No one I know would admit to being a pessimist. People tend to view themselves as generally optimistic about their own lives (even as they may feel everyone else’s is falling apart). A small handful may tell you they’re not pessimistic exactly. More like realistic. Non-delusional.
Okay, but here’s a true indicator that generally, I belong completely to the band of optimists out there:
Perhaps you may remember that my purse rolled out of my backpack, most likely on the flight from Milan to Paris. That was Monday. Four days later I still have not cancelled my credit cards.

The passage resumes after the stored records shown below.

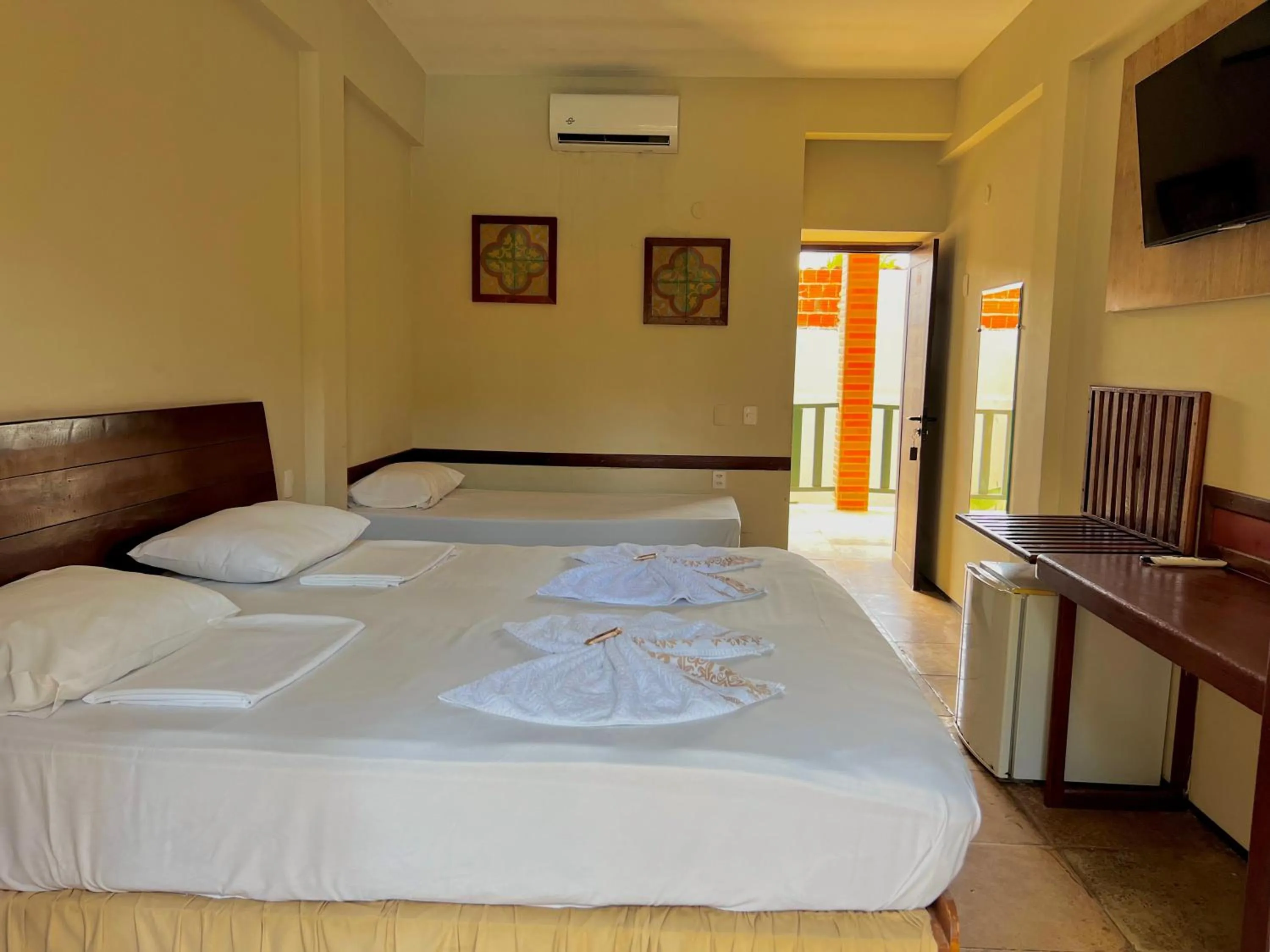 Bed in Porto Futuro Hotel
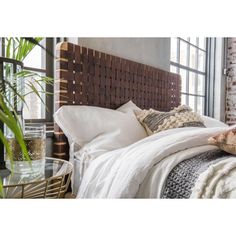 a bed with white linens and pillows in a bedroom next to a brick wall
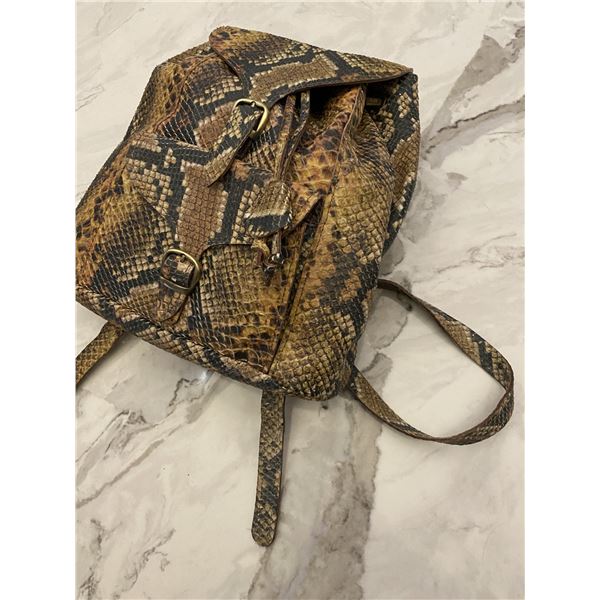 Snake purse backpack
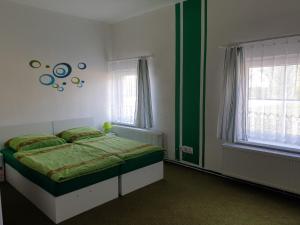Postel nebo postele na pokoji v ubytování Penzion a hospůdka U Anny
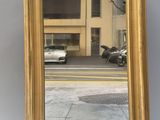 gold framed mirror on the side of a street with a motorcycle parked in front of it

(If the finder of the purse and cards and licenses googled my name and came across this blog – let me assure you, there is a reward for a prompt return of everything. If you’re thinking you can use the cards – don’t go there. That plasma screen TV is not worth it. The New York Times reported that money and in general, the acquisition of consumer goods do not bring happiness. Returning missing goods, on the other hand, does bring happiness. The NYTimes did not say that, but I know. When I was 8, I returned $40 dollars that I found on the ice skating rink of Rockefeller Center. I still feel really pleased when I think about it.)
Why am I holding out (on canceling the credit cards)? Because I believe in the eventual return of the missing bag.
(I did buy a new bus pass. I can’t live without transportation. Though I did not yet get a new driver’s license. I can live without driving.)
So, yes, the jonquils will recover from the overnight snow cover, and yes, the tulip will release it’s tight hold and bloom its heart away for us.
At the core, I'd say I'm an optimist.